In deze bundel komt op pregnante wijze de ontwikkelingsgang die Ten Boom heeft gemaakt uit. Hij beschouwt zichzelf als ‘een typische loot van de Europese boom die het kritische denken heeft omarmd, tot zelfs aan Lenins filosofische geschriften aan toe’ (132). Het bracht hem in de DDR, want wat een ideaal waard als er niet de eerlijke poging wordt ondernomen het te verwerkelijken. De droom is gestorven maar de weemoed aan de DDR is gebleven. ‘Meegekruisigd met de DDR’ is dan ook wat anders dan afscheid nemen van een jeugdzonde. Wel zal ten Boom voortaan alle ongebroken idealisme van een groot vraagteken voorzien. Het lezen van de Römerbrief van Barth en daarna het ontdekken van Kohlbrugge (vreselijk eenzijdig, maar toch!) heeft hem hiervan voorgoed genezen. Hier treft hij een secularisering die verder gaat dan de meest radicale marxistische kritiek. Hier wordt het hele menszijn met al zijn idealen, inclusief de meest verheven christelijke, onder kritiek gesteld. ‘Niet de christen maar Christus’ (44) zal hem voortaan als een wachtwoord begeleiden. Ten Boom is echter niet in een soort eeuwige Sturm und Drang blijven steken. In toenemende mate, hierin geleid door de Barth van de Kirchliche Dogmatik, ontdekt hij de klassieke afmeting van het christelijk geloof en duiken de namen op van Augustinus en Calvijn (!). Dat leidt niet tot een afgeronde of onaantastbare wereld. Het christendom juist in zijn klassieke gestalte weet van de gebrokenheid. ‘Augustinus zal nooit zeggen: we zijn er en we hebben het’ (129).

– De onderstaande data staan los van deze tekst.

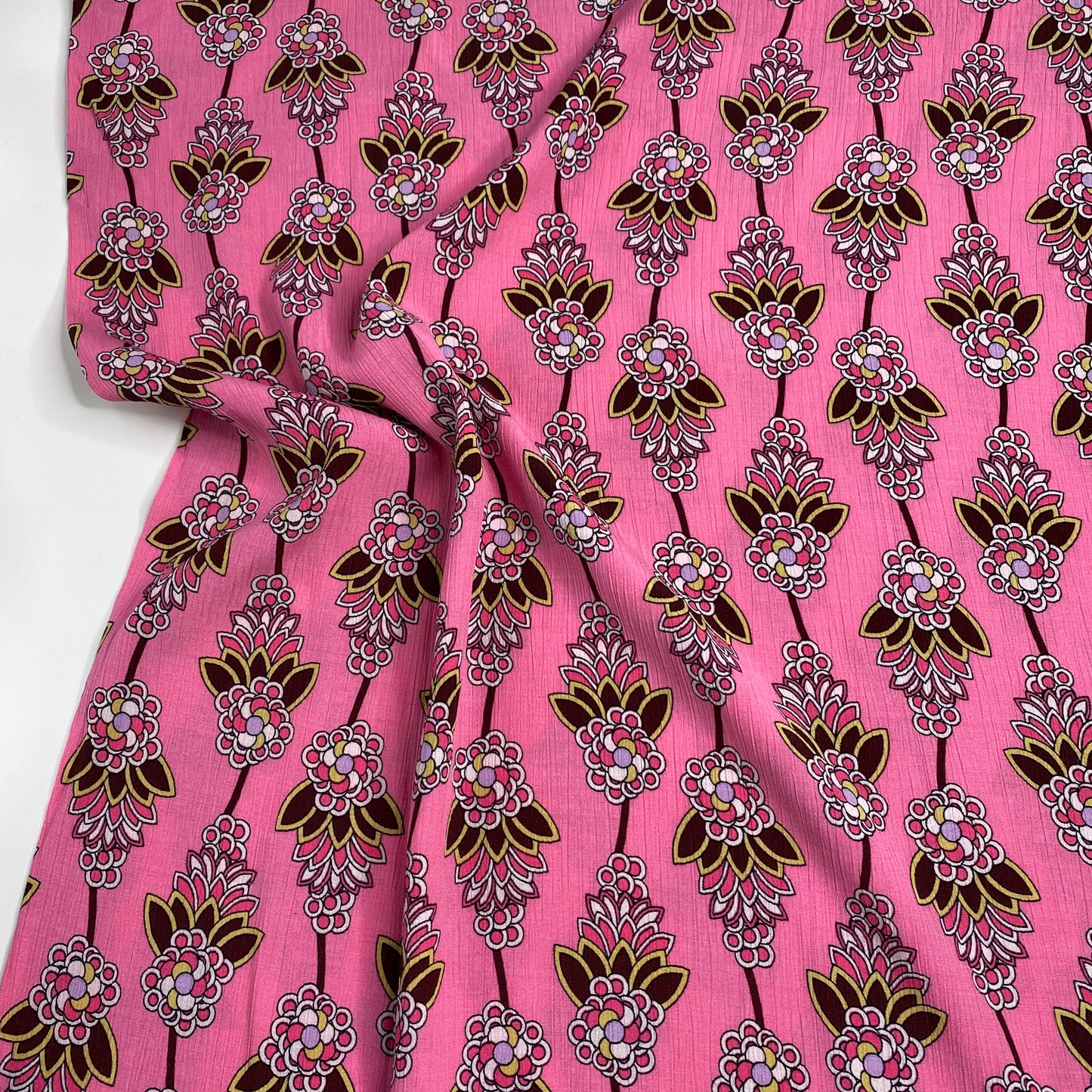 Deadstock Crinkle Viscose | Pink Bunches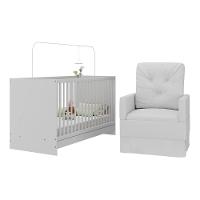 Berço 3 Em 1 Com Colchão e Poltrona Amamentação Mp4150 Branco - 1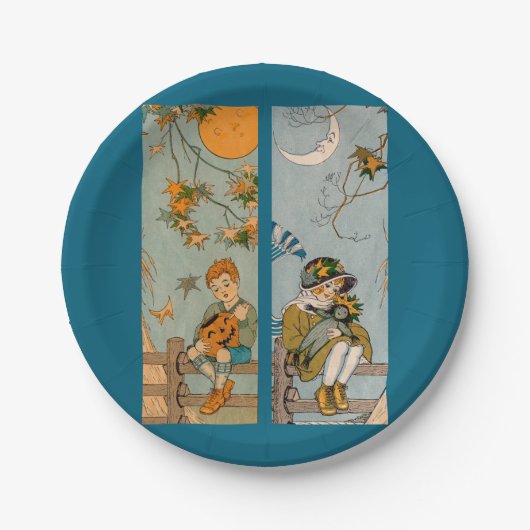 1920年代の秋の少年少女 ペーパープレート (正面)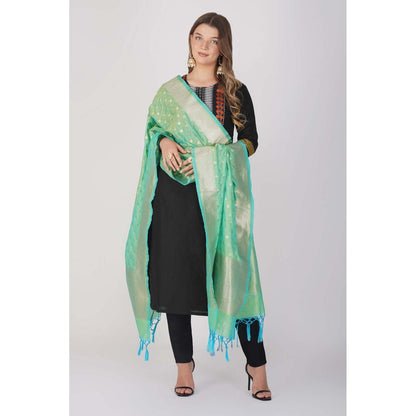 Zal from Benaras Bright Green Pure Linen Cotton Silk Banarasi Handloom Dupatta
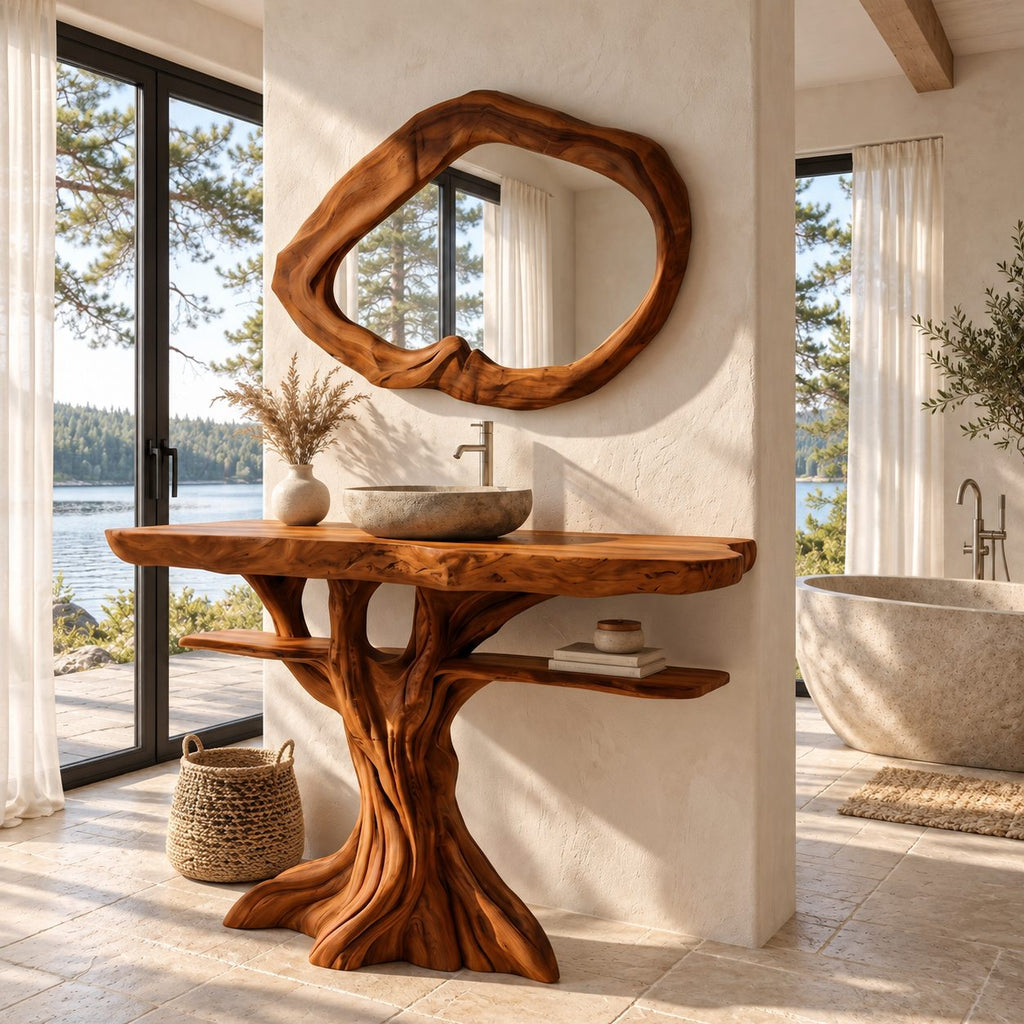 Spreading Tree Bathroom Vanity 40-70 Inch, Wide Trunk Base with a Slim Shelf Through the Branches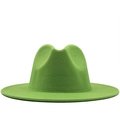 Classic grass green wide brim wool fedora hat for women with minimalist felt finish - M (56-58cm) / Green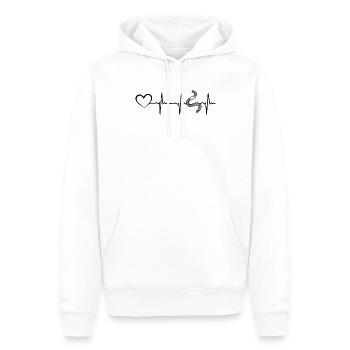 Worm Heartbeat Compost Worms Heartbeat Heart Mignon - Sweat à capuche Premium bio Homme - blanc - Devant - Nico (187cm)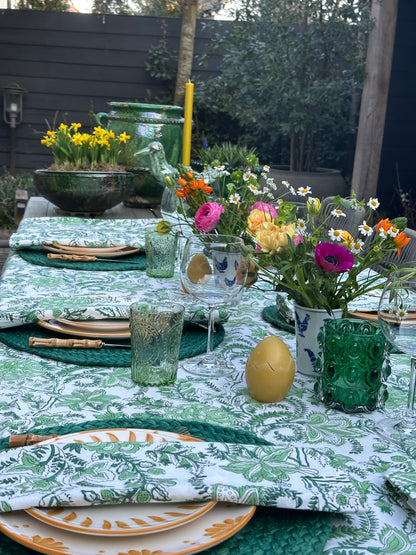 Tafelkleed Indiase blockprint wit met groene bloemmotieven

Opvallend is dat ten Boom nooit zijn hoofd in een kennistheoretische strop heeft laten steken. De problematisering van het christelijk geloof, eventueel gered door een liberaal-theologisch vertoog, is op een of andere manier afgeketst. Misschien heeft dit te maken met een diep verlangen naar waarheid. Dat opent je voor het woord van de getuigen. ‘Ik heb God eens zelf horen spreken. Eén keer in mijn leven. Ik weet nog precies hoe, wat, waar, wanneer. De een zal er wel gevoeliger voor zijn dan de ander. Het was uit de mond van een dominee, maar die viel zogezegd even weg. Het was een machtige ervaring, maar maakt ook erg eenzaam, want zoiets is volstrekt oncommuniceerbaar. Wel kreeg ik de preek later op papier, dus kon ik God nog eens nalezen. Maar toen sprak Hij niet meer. (52) ‘Natuurlijk komt al ons spreken over God van beneden. Maar zwijgt Hij daarom? Wie Gods spreken van boven afserveert, serveert in wezen mensen af. Want de vraag of wij God kennen is niet de vraag of er een luikje in de hemel opengaat, maar of wij een ander van Hem willen laten spreken. Met andere woorden: of er ook waarachtige getuigen zijn. Heeft een ander ons nog iets te zeggen dat ons als waarheid overtuigt, en aan wie we ons dus gebonden weten? Dat zou al heel wat wezen. (53v). Getuigen, ze zijn er, we staan in de opvolging van getuigen die teruggaat tot de apostelen en profeten. En zelf wordt je ook getuige wanneer je bereid bent naar al die getuigen die op jouw weg gekomen zijn, of die je opgeslagen hebt, te luisteren. Voor mij is ten Boom zelf getuige geworden in een tijd die arm is aan spreken over God.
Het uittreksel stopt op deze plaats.